Often I didn’t, though, simply eating it monkey-fashion, the peel laid back, gobbling the sensuous sweet flesh.

Years later I found myself in Bali and met the fruit to rival my previous passion.

Like many a romance, it began fairly slowly and inauspiciously. A yellow egg-shaped fruit appeared in the breakfast buffet fruit bowl. Hmmm! A bit spotty, not much to recommend it. Unlike a ripe purple passionfruit, the skin was hard and smooth, not invitingly wrinkled.

It wasn’t much better when I cut it open. Silver grey gooey flesh around black seeds – almost like fish roe.

A cautious sniff. And a taste. This was certainly better!

I put a spoon into the half-shell and the entire glob of flesh came out obediently.
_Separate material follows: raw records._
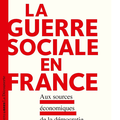 Recension du livre de Romaric Godin. La guerre sociale en France. Pour La sociale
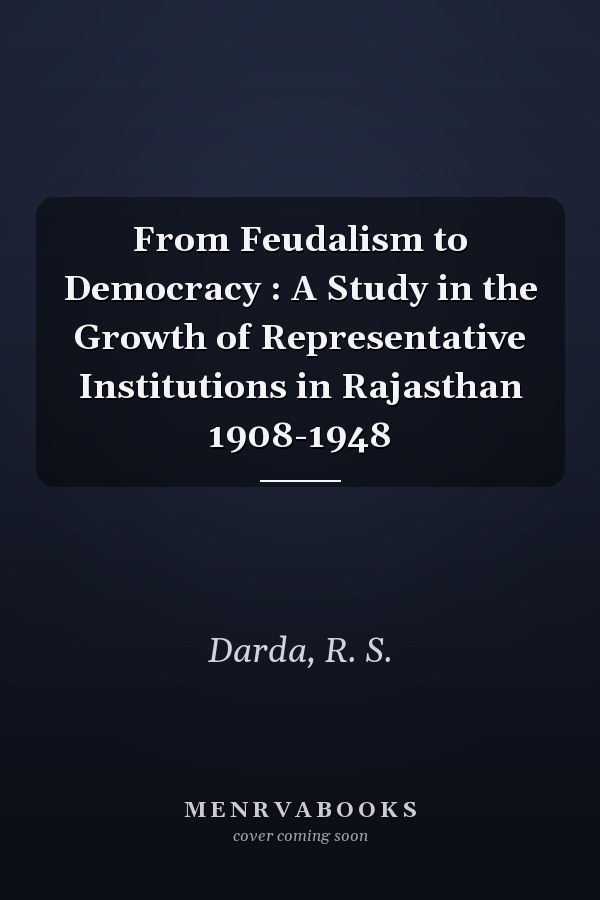 From Feudalism to Democracy : A Study in the Growth of Representative Institutions in Rajasthan 1908-1948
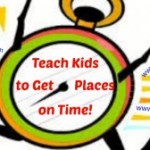 Teach Kids to Get Places on Time!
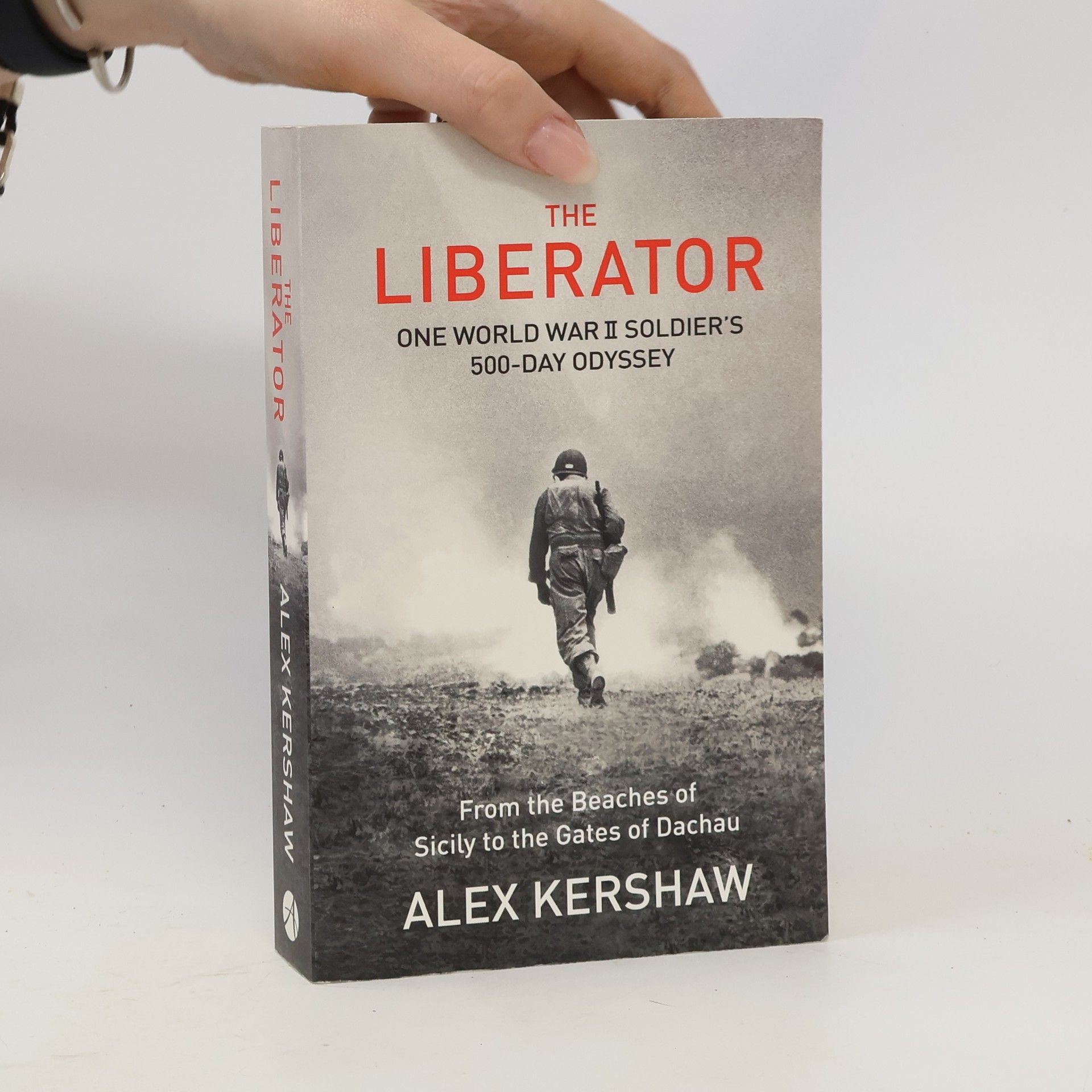 Alex Kershaw The Liberator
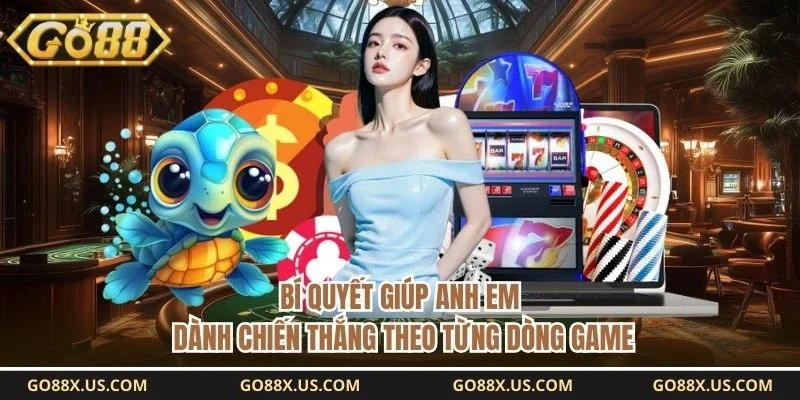 Bí quyết giúp anh em dành chiến thắng theo từng dòng game
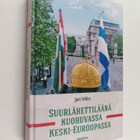 Jari Vilen : Suurlähettiläänä kuohuvassa Keski-Euroopassa - pikkukuva 1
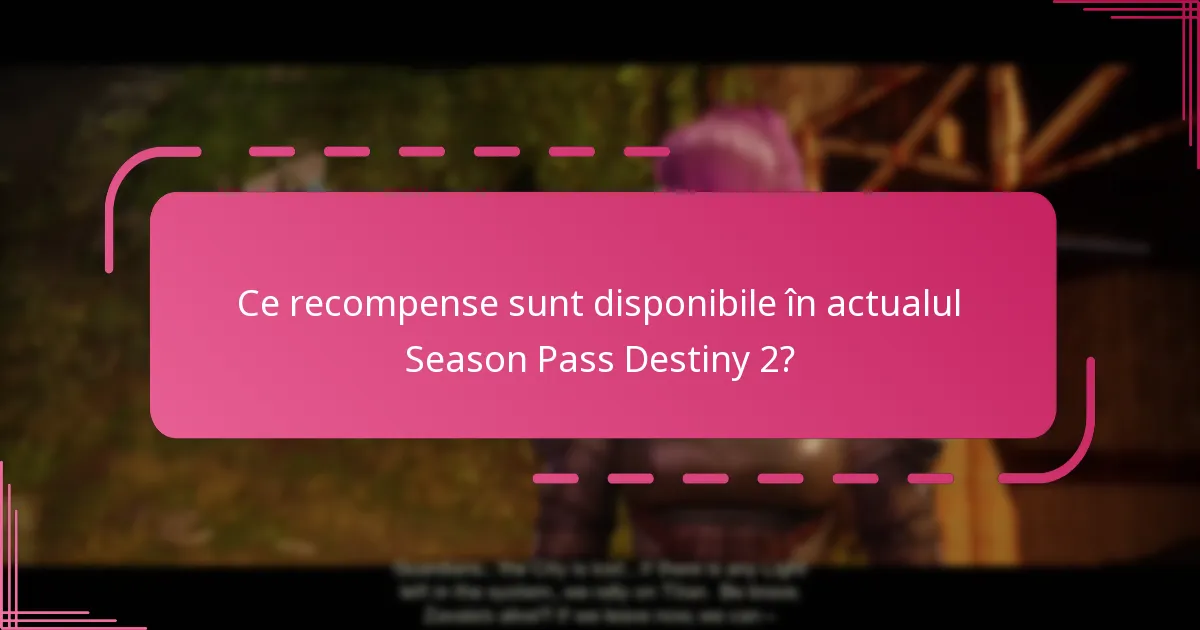 Ce recompense sunt disponibile în actualul Season Pass Destiny 2?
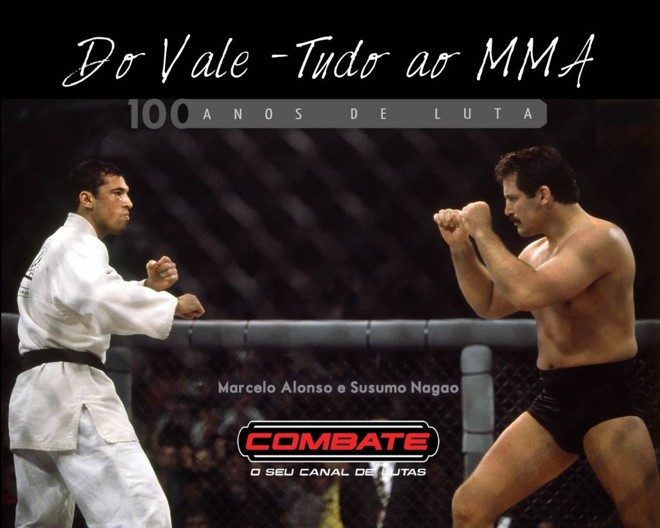 趣味・スポーツ・実用 Do Vale-Tudo ao MMA: 100 Anos de Luta Do Vale-Tudo ao MMA. 100 Anos de Luta | Amazon.com.br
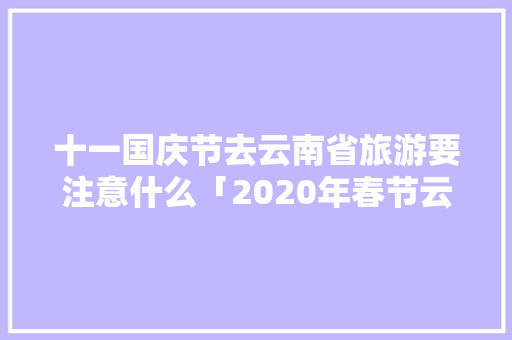 十一国庆节去云南省旅游要注意什么「2020年春节云南旅游攻略」 十一国庆节去云南省旅游要注意什么「2020年春节云南旅游攻略」 教育法律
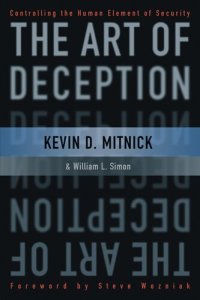 cover of the book The Art of Deception: Controlling the Human Element of Security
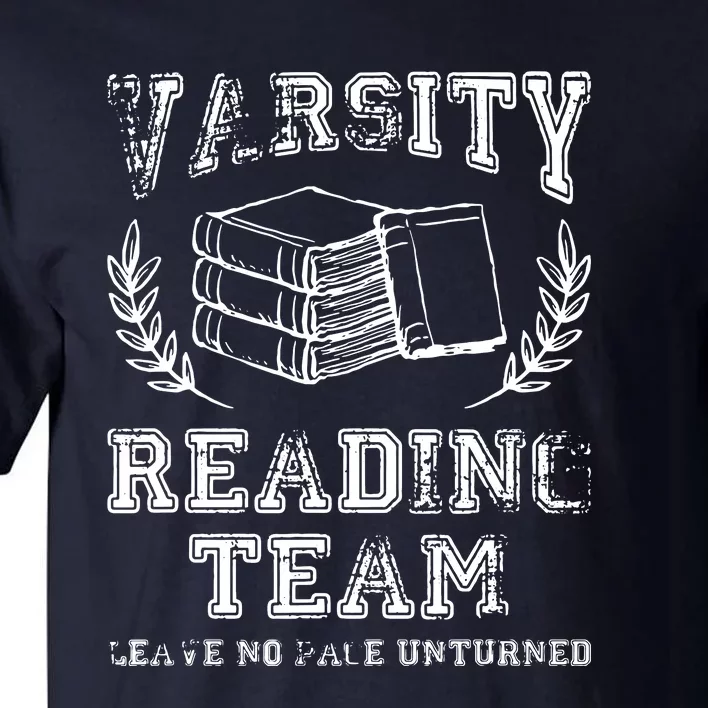 Reader Book Lover Gift Varsity Reading Team Tall T-Shirt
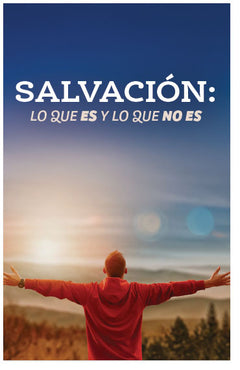 Salvation: What it IS and What it ISN’T (Spanish)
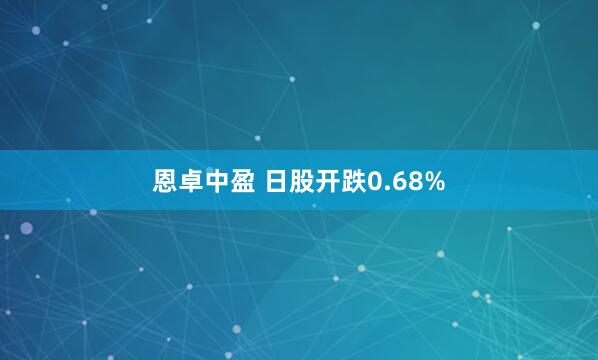 恩卓中盈 日股开跌0.68%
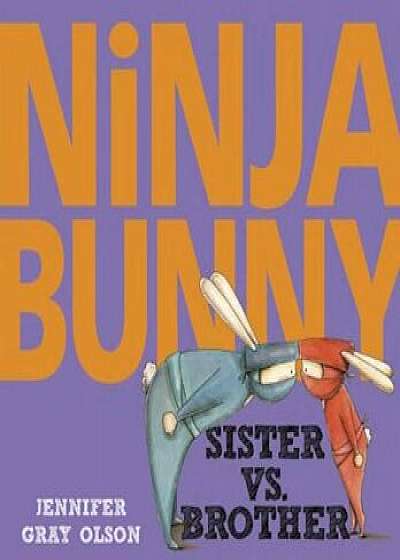 Ninja Bunny: Sister vs. Brother, Hardcover/Jennifer Gray Olson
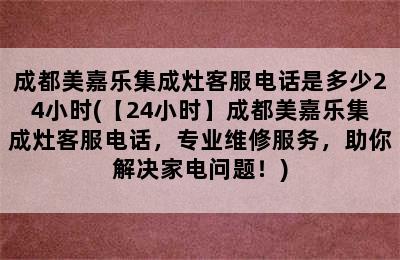 成都美嘉乐集成灶客服电话是多少24小时(【24小时】成都美嘉乐集成灶客服电话，专业维修服务，助你解决家电问题！)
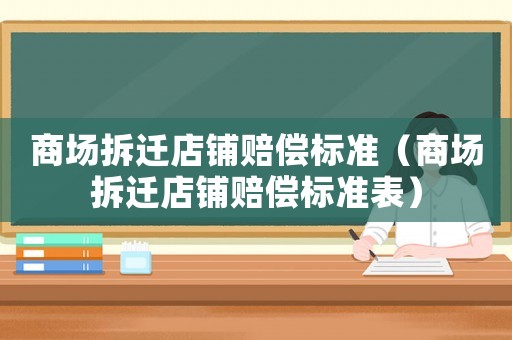 商場(chǎng)拆遷店鋪賠償標(biāo)準(zhǔn)（商場(chǎng)拆遷店鋪賠償標(biāo)準(zhǔn)表）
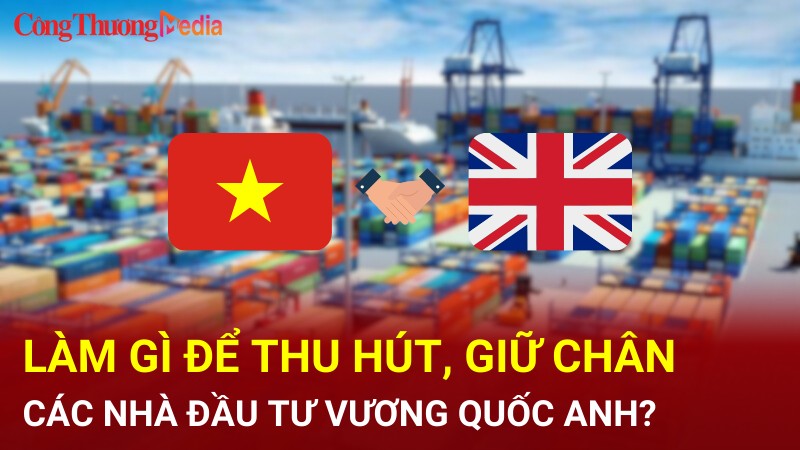 Làm gì để thu hút, giữ chân các nhà đầu tư Vương quốc Anh?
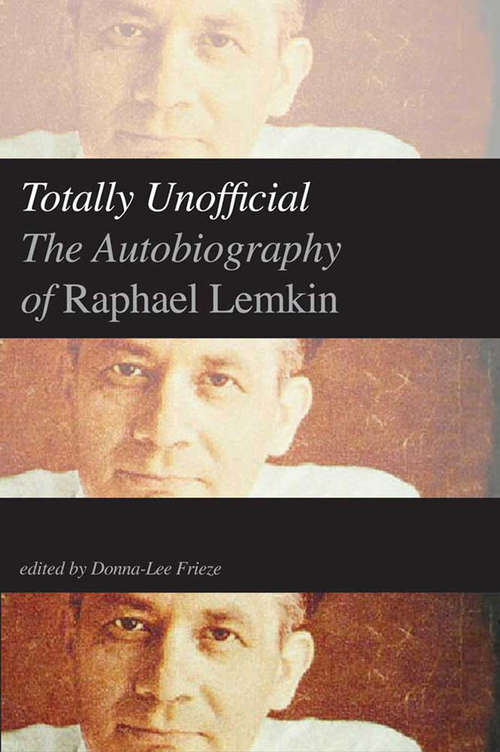 Book cover of Totally Unofficial: The Autobiography of Raphael Lemkin
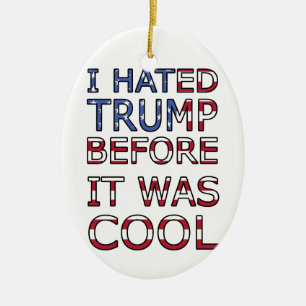 Ich hasste Trumpf, bevor er cool war Keramik Ornament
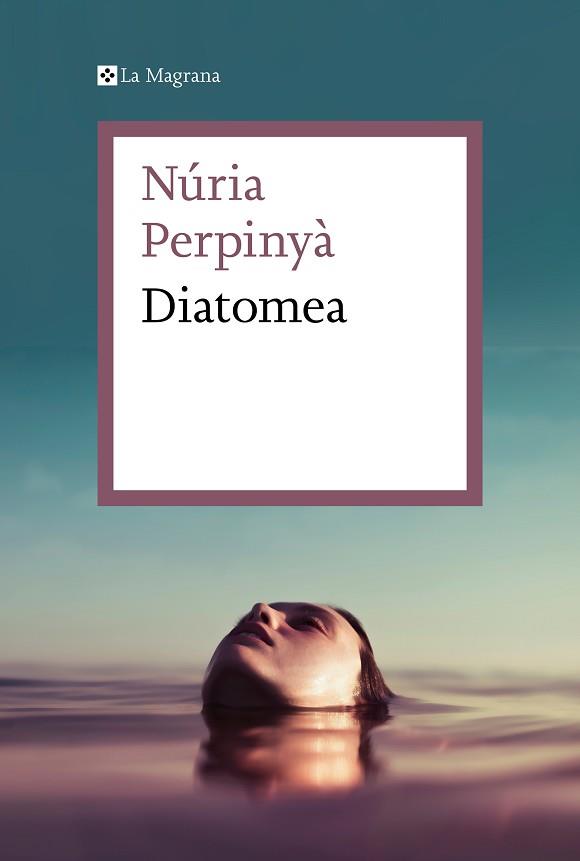 DIATOMEA | 9788419013019 | PERPINYÀ, NÚRIA | Llibreria Aqualata | Comprar llibres en català i castellà online | Comprar llibres Igualada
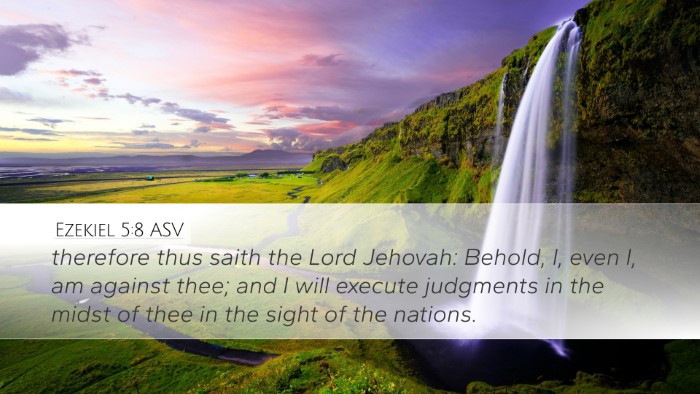 Ezekiel 5:8 ASV Bible Verse Image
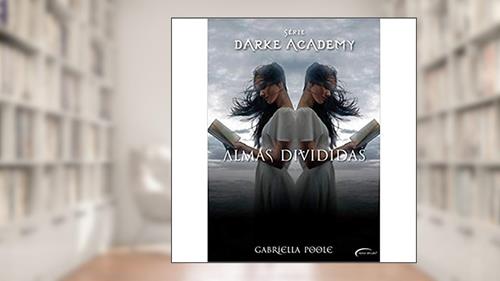 Capa de Almas Divididas - Volume 3: Série Darke Academy, do autor GABRIELLA POOLE
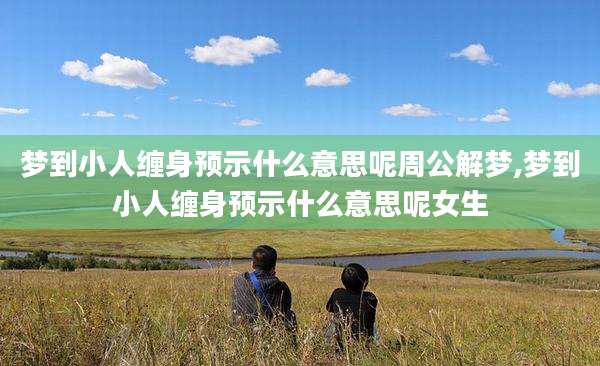 梦到小人缠身预示什么意思呢周公解梦,梦到小人缠身预示什么意思呢女生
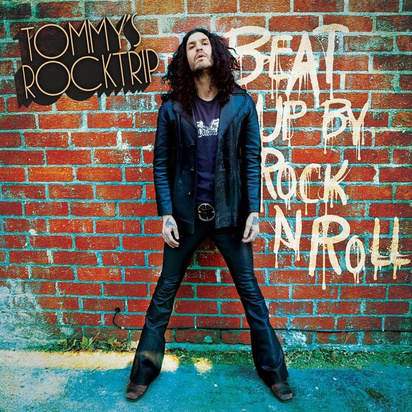 Tommy's Rocktrip 'Beat Up By Rock N Roll'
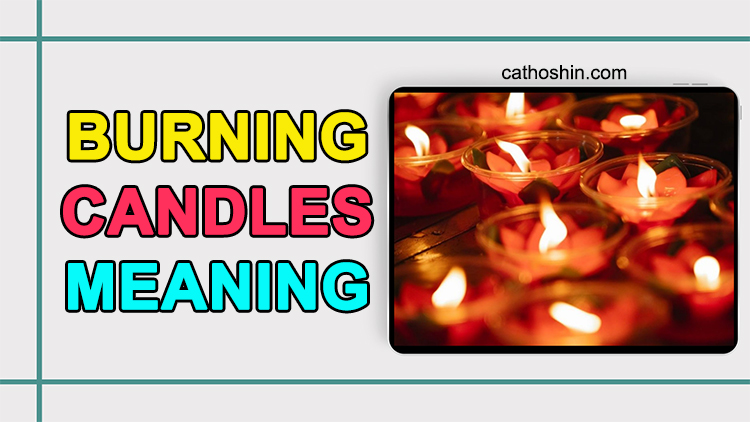 The Spiritual Meaning of Burning Candles meaning of the burning candles
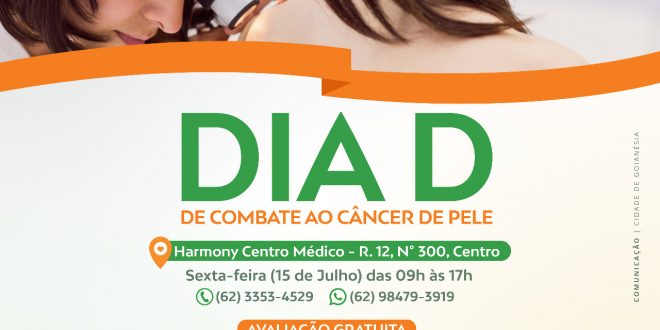 O Dia D de Combate ao Câncer de Pele, 4ª edição da campanha da Harmony Centro Médico; saiba como participar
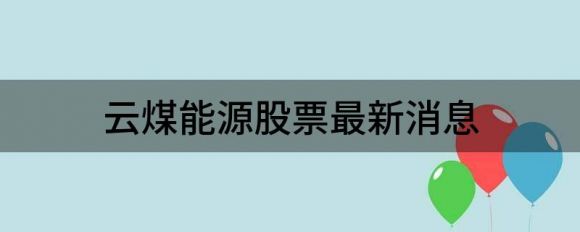 云煤能源股票最新消息（云煤能源股价大涨5.07%）-1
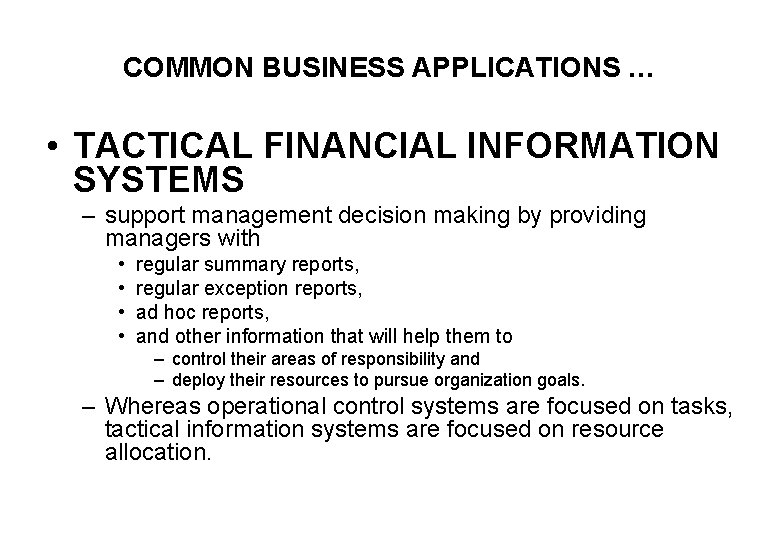 COMMON BUSINESS APPLICATIONS … • TACTICAL FINANCIAL INFORMATION SYSTEMS – support management decision making
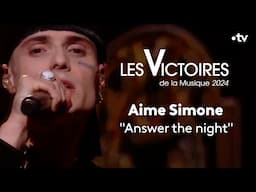 Aime Simone - Answer the night (Live Victoires 2024)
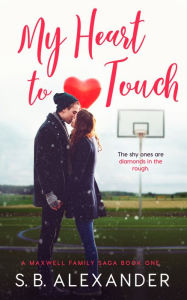 Title: My Heart to Touch, Author: S.B. Alexander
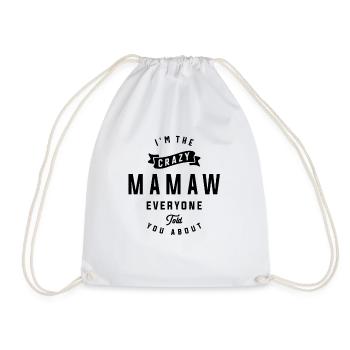 I'm The Crazy Mamaw Everyone Told You About Funny - Drawstring Bag - white - Front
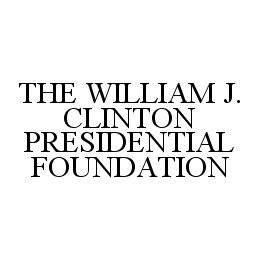 THE WILLIAM J. CLINTON PRESIDENTIAL FOUNDATION trademark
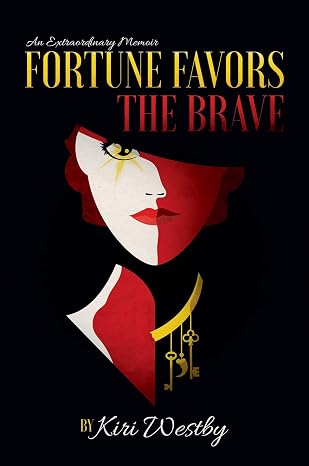 Fortune Favors The Brave: An Extraordinary Memoir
No scraping as I was used to with the golden flesh of the purple passions.

And then the taste – fragrant, floral, sweet, tropical. Lychee-sweet, but the texture of passionfruit.

Of course for the rest of my time in Bali, I could not get enough of them. Everywhere, from the hotel breakfast buffet to roadside stalls where they sold for a pittance, I would fill my pockets with them, to savour them in my room as long as they lasted.

Originally I thought the name was Marquesa. It took me months to learn the Balinese name was makisa, pronounced, mah- KEE-za. I now know that the makisa has a more proper Latin name - passiflora ligularis – and that it is said to be native to the Andes. How it became so entrenched in Bali (and only few other places) is a mystery to me.

Sadly this passionfruit is rare in my corner of the world. In Bali, I am told it ripens year round, but even in Jakarta earlier this year, it took a patient hotel employee some time to track some down for me when he heard of my addiction. Thank you, Adeza, at Hotel Mulia Senayan!

Is it just me, or are there other people who plan their trip around which rare or much-covered foods are in season?

My mouth is watering, just mentioning makisas, so I’m scanning the deals on flights to Bali, right now!